> [Your assignment]: The expected output is the full set of entries, retyped verbatim, pictures excluded.

Extracted entries below:

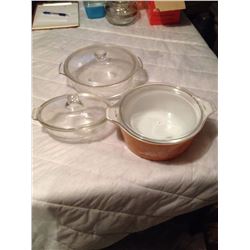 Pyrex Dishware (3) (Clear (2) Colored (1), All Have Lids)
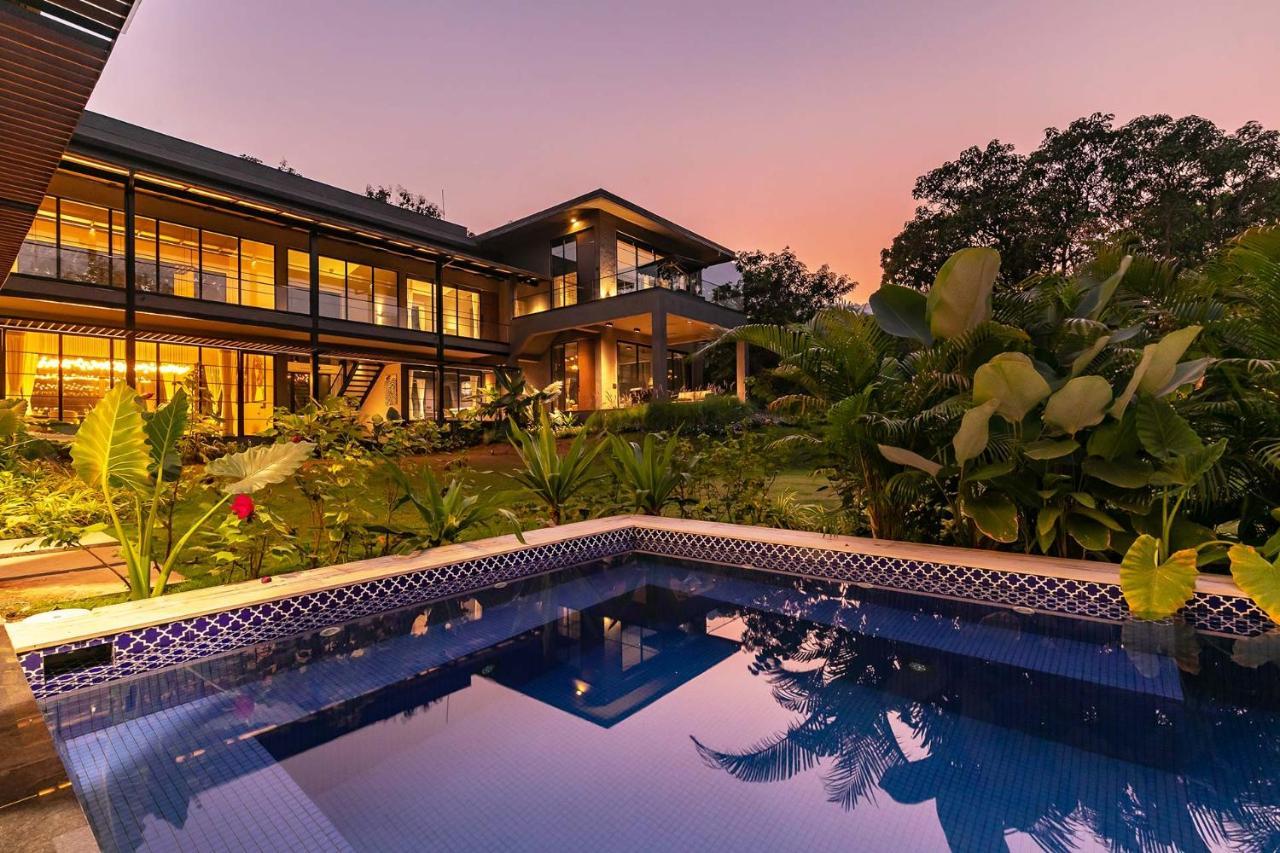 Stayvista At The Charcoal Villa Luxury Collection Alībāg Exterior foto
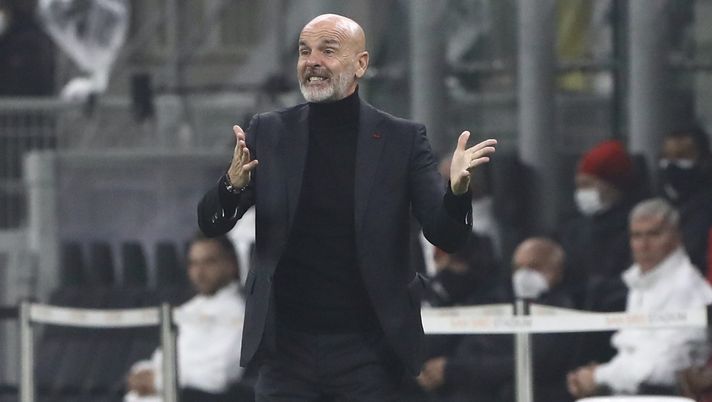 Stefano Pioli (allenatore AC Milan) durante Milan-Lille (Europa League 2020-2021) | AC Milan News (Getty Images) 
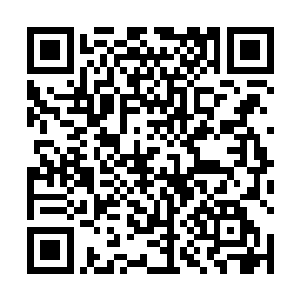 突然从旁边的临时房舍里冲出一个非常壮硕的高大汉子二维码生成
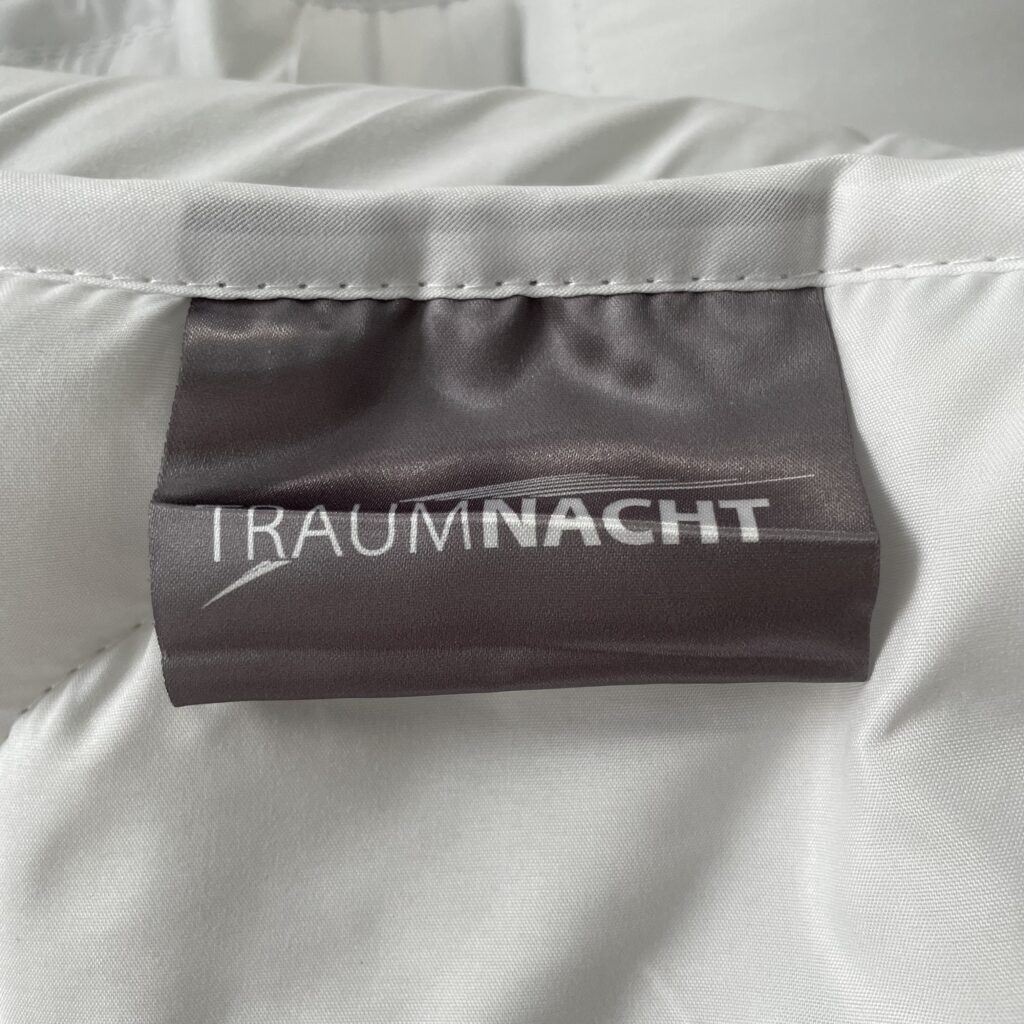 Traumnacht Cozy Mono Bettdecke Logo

End of Extracted entries.

> [Written reply]:
 Pyrex Dishware (3) (Clear (2) Colored (1), All Have Lids)
 Stayvista At The Charcoal Villa Luxury Collection Alībāg Exterior foto
 Stefano Pioli (allenatore AC Milan) durante Milan-Lille (Europa League 2020-2021) | AC Milan News (Getty Images) 
 突然从旁边的临时房舍里冲出一个非常壮硕的高大汉子二维码生成
 Traumnacht Cozy Mono Bettdecke Logo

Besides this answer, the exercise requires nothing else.